Ini berarti biaya produksi mobil dapat dikurangi hingga setidaknya 50 pound atau kurang. Mercedes masih memiliki jalan panjang yang harus ditempuh.
Perintah Arthur adalah untuk terus mempelajari metode produksi jalur perakitan dan memperbaikinya.
Selama biaya produksi mobil tetap di bawah 80 pound, mobil dapat diproduksi.
Harga jual awal Model T adalah 825 dolar AS, atau 165 pound. Jika Mercedes dapat mempertahankan biaya produksi di bawah 80 pound, mereka tetap akan meraup untung besar dengan menetapkan harga 150 pound.
Atas dasar penelitian teknologi produksi jalur perakitan skala besar, Arthur merasa perlu untuk memperluas skala pabrik mobil Mercedes.
Seiring dengan menurunnya harga jual mobil, potensi dan pasar mobil secara bertahap akan meluas dan bahkan mencapai pasar yang besar yakni 20 juta kendaraan dalam waktu 30 tahun.
Jika Mercedes dapat memanfaatkan peluang ini, bukan tidak mungkin untuk memecahkan rekor penjualan Model T dalam sejarah dan membangun kerajaan mobil besar.
Oleh karena itu, produksi mobil harus terus digenjot, agar dapat segera menguasai pasar mobil yang sangat luas itu, minimal menguasai pasar Eropa.
Jika keberhasilan awal jalur perakitan dianggap sebagai kabar baik pertama, maka kembalinya rombongan tamu merupakan kabar baik kedua.
Hampir tiga bulan telah berlalu sejak rombongan tamu berangkat. Sesuai harapan Arthur, armada akhirnya tiba dengan lancar di Pelabuhan Sydney dan membawa kabar baik bagi Arthur.
Yang pertama adalah penandatanganan resmi Rencana Adat.
Rencana ini telah disetujui sebelumnya, dan setelah Ratu Wilhelmina menandatangani namanya, perjanjian tersebut resmi berlaku.

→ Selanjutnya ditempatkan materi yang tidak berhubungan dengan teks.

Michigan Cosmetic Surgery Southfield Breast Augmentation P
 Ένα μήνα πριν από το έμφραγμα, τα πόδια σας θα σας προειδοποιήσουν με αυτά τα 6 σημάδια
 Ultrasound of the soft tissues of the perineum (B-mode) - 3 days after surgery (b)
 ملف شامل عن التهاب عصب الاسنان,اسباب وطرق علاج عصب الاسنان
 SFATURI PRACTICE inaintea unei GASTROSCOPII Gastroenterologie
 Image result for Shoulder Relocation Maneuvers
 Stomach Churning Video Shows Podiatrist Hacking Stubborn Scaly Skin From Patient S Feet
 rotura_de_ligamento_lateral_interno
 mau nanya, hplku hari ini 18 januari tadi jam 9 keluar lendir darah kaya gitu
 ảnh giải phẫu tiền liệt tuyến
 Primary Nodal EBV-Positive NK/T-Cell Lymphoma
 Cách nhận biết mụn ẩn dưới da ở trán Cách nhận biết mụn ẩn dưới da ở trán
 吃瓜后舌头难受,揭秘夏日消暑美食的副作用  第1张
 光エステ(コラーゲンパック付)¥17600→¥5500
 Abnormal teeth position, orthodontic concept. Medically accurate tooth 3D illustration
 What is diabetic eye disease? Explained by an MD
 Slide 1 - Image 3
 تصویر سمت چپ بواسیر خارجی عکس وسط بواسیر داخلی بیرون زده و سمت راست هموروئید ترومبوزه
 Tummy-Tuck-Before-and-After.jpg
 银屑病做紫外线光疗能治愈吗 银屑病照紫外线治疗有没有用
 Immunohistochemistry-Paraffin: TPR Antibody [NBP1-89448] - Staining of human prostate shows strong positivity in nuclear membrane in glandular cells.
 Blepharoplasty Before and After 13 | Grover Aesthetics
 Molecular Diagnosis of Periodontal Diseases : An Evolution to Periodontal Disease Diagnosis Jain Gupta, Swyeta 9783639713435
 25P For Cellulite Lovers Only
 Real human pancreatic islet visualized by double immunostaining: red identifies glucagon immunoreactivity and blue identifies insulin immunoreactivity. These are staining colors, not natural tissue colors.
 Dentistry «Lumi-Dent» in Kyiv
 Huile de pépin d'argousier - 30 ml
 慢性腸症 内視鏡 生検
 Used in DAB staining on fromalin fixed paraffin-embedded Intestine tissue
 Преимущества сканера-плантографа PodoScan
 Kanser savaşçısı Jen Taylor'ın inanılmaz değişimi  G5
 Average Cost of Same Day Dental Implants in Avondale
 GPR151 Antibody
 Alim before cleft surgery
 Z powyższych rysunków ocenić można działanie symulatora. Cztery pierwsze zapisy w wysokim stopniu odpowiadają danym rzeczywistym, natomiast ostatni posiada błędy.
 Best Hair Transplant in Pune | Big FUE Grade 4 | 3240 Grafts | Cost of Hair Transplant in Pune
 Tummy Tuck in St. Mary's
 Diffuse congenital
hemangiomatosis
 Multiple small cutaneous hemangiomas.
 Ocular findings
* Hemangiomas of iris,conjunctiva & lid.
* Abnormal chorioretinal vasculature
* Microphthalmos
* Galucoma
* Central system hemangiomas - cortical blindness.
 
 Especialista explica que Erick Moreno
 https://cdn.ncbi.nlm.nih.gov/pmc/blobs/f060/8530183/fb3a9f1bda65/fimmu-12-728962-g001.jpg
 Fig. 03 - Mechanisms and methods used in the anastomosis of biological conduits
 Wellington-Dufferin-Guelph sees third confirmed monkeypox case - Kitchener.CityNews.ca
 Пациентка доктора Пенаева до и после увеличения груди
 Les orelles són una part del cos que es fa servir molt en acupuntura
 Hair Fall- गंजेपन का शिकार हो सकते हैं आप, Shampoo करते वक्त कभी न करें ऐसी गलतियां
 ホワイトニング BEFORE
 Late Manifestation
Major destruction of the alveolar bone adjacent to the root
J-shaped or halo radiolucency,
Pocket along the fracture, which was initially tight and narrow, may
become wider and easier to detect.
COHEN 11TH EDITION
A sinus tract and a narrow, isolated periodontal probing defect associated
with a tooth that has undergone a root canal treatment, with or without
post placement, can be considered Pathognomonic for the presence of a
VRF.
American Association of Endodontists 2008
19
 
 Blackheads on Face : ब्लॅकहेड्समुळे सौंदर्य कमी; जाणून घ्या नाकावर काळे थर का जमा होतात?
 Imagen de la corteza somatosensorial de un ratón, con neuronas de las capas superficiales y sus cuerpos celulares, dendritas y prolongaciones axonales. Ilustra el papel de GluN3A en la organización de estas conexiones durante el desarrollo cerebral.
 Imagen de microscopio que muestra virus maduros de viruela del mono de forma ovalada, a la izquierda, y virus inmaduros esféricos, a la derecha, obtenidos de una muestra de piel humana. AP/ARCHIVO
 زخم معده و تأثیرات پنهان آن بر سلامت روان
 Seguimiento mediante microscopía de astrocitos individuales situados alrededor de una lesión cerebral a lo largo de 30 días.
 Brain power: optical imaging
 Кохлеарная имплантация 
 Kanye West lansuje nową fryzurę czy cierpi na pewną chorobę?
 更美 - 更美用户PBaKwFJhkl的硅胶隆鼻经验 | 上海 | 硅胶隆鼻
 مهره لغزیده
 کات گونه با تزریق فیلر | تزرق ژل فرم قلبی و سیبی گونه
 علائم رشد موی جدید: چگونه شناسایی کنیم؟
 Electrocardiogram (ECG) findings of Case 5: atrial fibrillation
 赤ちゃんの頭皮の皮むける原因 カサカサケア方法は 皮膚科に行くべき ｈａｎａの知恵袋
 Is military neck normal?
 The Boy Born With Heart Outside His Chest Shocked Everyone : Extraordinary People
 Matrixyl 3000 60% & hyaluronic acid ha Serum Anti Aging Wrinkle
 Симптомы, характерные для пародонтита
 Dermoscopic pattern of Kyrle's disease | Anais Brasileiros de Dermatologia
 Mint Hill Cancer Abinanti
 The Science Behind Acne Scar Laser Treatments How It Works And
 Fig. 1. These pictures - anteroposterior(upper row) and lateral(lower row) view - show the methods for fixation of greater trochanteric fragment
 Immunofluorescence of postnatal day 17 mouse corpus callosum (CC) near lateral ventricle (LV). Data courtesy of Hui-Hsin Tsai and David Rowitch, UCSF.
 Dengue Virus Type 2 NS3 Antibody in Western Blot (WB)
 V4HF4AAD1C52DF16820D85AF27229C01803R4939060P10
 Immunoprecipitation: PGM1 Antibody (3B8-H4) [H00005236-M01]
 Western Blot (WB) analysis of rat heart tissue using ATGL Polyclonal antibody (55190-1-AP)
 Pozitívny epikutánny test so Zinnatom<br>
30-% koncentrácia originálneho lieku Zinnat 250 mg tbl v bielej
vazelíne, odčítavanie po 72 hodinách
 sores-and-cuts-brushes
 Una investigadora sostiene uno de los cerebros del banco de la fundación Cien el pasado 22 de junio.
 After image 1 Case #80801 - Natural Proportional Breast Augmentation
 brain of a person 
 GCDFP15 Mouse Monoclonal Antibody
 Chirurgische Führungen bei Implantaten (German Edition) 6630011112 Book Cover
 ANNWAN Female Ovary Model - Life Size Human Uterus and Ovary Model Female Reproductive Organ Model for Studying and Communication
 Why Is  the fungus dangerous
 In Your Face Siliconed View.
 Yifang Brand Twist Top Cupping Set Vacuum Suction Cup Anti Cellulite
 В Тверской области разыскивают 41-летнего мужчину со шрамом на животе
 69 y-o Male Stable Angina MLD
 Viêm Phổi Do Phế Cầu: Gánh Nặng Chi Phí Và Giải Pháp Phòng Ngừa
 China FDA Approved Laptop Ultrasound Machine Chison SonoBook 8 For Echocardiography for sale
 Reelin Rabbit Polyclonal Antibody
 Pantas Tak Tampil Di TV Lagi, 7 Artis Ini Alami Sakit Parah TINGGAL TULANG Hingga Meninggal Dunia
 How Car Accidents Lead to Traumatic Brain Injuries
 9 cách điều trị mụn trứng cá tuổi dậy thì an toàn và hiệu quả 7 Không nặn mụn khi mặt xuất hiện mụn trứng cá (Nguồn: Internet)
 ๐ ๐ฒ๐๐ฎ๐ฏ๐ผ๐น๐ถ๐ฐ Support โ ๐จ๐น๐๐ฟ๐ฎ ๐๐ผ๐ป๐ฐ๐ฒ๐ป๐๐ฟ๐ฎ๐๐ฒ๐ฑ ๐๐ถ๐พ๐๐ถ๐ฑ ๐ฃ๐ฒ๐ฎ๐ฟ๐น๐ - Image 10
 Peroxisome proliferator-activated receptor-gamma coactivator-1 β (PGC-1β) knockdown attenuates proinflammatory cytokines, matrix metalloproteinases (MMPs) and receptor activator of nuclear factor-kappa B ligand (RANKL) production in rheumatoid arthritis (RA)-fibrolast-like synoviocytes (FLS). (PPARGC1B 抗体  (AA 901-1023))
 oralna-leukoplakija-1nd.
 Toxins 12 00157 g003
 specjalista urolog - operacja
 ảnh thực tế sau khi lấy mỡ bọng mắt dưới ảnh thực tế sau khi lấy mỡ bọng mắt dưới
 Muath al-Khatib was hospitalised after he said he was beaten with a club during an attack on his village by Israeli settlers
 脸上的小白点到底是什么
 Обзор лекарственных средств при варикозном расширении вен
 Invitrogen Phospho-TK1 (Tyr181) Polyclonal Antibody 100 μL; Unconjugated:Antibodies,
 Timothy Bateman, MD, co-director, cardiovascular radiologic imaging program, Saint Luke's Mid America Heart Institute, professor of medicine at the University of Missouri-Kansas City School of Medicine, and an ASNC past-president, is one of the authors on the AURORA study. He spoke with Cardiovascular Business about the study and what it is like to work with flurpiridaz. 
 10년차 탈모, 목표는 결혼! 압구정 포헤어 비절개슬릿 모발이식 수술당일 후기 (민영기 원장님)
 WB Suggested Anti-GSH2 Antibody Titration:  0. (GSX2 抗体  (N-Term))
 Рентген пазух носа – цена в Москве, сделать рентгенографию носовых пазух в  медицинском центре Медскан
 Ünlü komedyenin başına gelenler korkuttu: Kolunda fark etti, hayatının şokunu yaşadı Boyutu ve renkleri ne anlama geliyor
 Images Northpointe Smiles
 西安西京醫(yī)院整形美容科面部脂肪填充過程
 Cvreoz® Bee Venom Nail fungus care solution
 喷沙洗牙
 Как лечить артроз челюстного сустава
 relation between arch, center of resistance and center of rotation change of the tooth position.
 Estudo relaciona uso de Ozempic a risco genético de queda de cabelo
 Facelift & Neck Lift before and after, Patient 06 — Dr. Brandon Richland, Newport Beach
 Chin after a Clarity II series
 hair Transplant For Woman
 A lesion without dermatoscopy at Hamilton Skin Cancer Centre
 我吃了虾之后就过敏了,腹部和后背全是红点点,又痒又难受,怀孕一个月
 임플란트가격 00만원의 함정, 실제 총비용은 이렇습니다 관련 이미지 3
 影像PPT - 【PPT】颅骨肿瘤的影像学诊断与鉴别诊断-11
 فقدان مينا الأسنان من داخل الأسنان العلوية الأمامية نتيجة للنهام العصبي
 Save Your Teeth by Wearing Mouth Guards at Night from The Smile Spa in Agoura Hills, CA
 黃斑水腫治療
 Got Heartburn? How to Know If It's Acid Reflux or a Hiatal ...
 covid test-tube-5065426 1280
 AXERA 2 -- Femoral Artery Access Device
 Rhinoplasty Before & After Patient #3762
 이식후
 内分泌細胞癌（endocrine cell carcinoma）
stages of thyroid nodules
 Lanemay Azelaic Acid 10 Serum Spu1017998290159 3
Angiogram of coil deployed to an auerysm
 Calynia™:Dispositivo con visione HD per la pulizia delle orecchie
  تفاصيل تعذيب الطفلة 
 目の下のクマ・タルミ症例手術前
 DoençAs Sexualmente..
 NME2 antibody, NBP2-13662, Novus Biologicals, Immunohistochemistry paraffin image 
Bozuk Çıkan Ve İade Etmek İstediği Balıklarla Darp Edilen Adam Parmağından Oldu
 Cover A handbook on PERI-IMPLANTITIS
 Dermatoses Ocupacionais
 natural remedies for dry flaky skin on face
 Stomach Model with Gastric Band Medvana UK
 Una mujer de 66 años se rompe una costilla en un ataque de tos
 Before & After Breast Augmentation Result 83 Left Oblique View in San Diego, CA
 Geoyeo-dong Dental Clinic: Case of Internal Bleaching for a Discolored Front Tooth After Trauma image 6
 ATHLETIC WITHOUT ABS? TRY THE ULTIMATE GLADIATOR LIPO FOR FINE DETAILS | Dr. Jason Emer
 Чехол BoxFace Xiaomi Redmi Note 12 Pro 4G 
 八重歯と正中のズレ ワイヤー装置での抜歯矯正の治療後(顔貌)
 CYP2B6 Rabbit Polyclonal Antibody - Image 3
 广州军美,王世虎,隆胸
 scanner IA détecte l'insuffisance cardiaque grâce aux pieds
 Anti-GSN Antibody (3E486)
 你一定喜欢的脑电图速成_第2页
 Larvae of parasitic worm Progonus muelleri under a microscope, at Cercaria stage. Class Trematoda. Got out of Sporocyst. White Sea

Bagi pembangunan Australia, ini merupakan kabar baik, sebab kekurangan sumber daya manusia yang akut di Australia pada dasarnya telah teratasi.
Kabar baik kedua adalah benda yang dibungkus kain merah di kapal pengangkut. Karena dibungkus rapat, Arthur tidak tahu benda apa itu.
Namun dilihat dari tabung panjang yang menonjol, benda yang dibungkus itu seharusnya adalah senjata api.
Menurut Putri Louise, itu merupakan hadiah dari Kerajaan Belanda. Berkat adanya penandatanganan perjanjian dan penunjukan duta besar bersama, Kerajaan Belanda dengan murah hati memberikan hadiah ini, dan keseriusan Kerajaan Belanda dalam menanggapinya menunjukkan bahwa nilai hadiah ini sama sekali tidak kecil.